The idea was presented to Colin Rose as an essay. The BBC still has some parts of its old culture in place – you can appeal to the thinker in there occasionally. He wanted it longer so I introduced the thought of working in some live action. Then it got shorter again but the live action idea stayed with me. The essay dealt with the notion that a society can suffer as much from a failed and bankrupt epistemolgy as from outright injustice. I was intent on making a group of films about modern knowledge which showed that, within the intellectual mainstream of our present culture, there are special areas which are like port holes through which we can glimpse other ways of reckoning and knowing the world. I chose the Heisenberg Uncertainty Principle as the first “port hole”. I had a scientific education I suppose, if it could be called education, which provides me with a little maths and some science; enough anyway to find the Heisenberg stuff quite scary and enlightening at the same time. I wrote and filmed the black and white sequences on an old Arri ST and imported them into my glass plates system by back projection. I have tried to create a movie within a painting. The poor quality of the movie-within material helps to move the time of the film back to the early thirties when Heisenberg’s principle first found its way into physics and keeps it visually back in the film, so it doesn’t take pride of place in the final effect.

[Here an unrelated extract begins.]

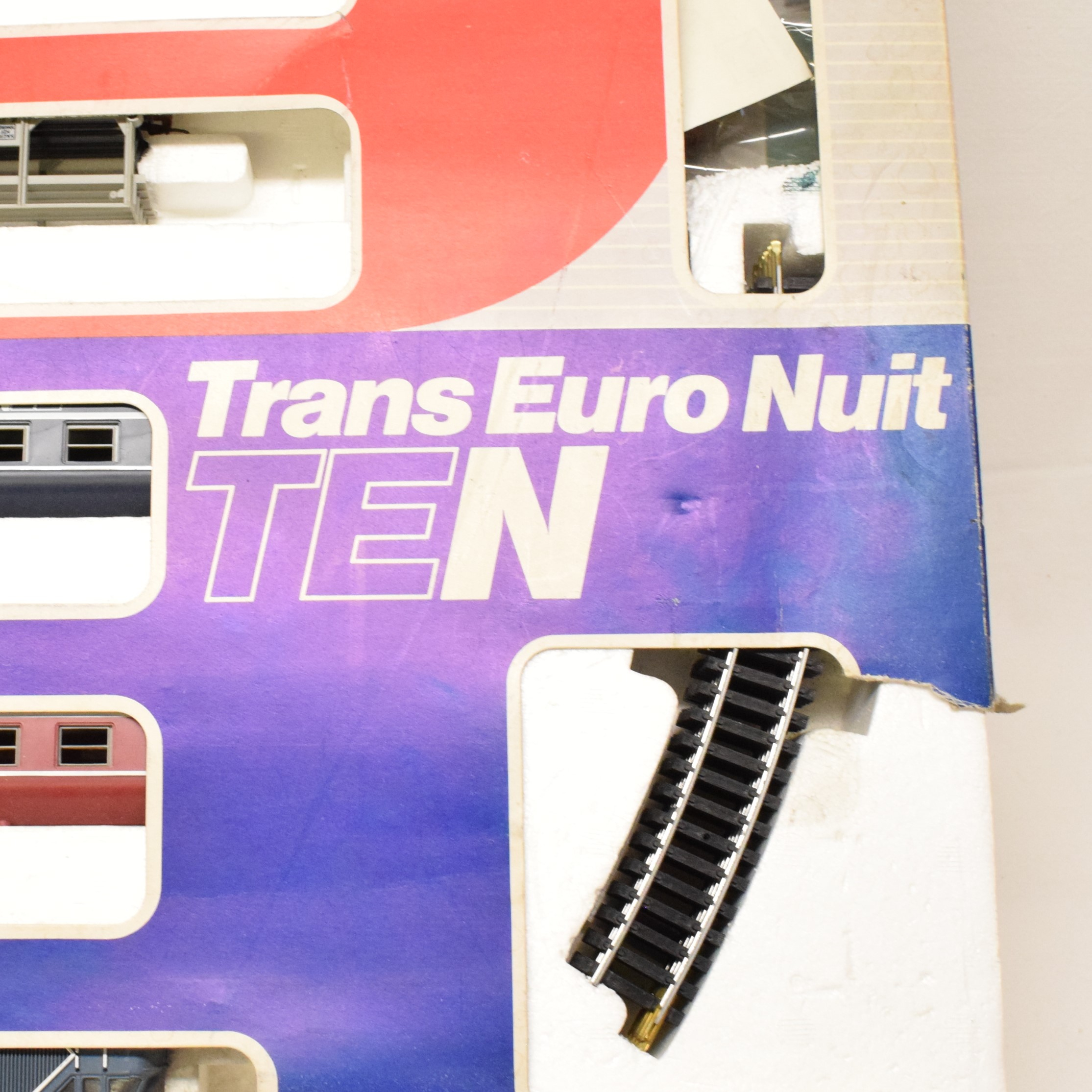 Boite circuit ferroviaire Jouef N° 7823 échelle HO le Trans Euro nuit ou T E N - État correct - Photo 3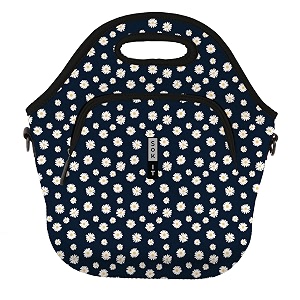 sok it lunchtote zippered bag insulated neoprene caddy daisy chain x-large 65 quart lunch tote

The movie-within shows a girl on a beach and a group of students in a classroom. They are all students of (very simplified) quantum physics. The girl on the beach is able to make the imaginative move to a new view of the world which is implied by the formula, while the students and their enthusiastic teacher get themselves in a mess. This “story” is set within the space of my rig which I treat now as if it were an enhanced sort of canvas. The space and paint in this enhanced space are employed as a working image of the world the way it might be experienced by the girl. The audience see the film within the space of the moving/living painting and at the end the girl joins the audience in that space; she looks out at us as we look in.
Painting expects a good deal of proactivity in its audience, an audience reaction more like an interrogation than consumption, (more like life than shopping) which is regarded as a little presumptuous of an art form nowadays of course, and very bad for business. The preparation which audiences need in order to understand TV and movies is more implicit, even denied, buried as it is in the visual and epistemological ideology of the present time. Consequently there are things film cannot say because of the trust people now put in it. I wanted to make something like a movie but which operated like a painting so I could say something people might expect painting to attempt, but not film. Photography and Painting can work for each other like this. Film is bemused by mimesis, sort of tongue tied. Painting is sidelined by film, yet it has access to a much more sophisticated visual tradition than film. Film’s sophistication is in the things it portrays – its content. It is innocent about its means. Painting has been obliged by Photography to investigate itself very closely and now has no secrets to itself.
In the overlap of these great Arts is where I put my pieces.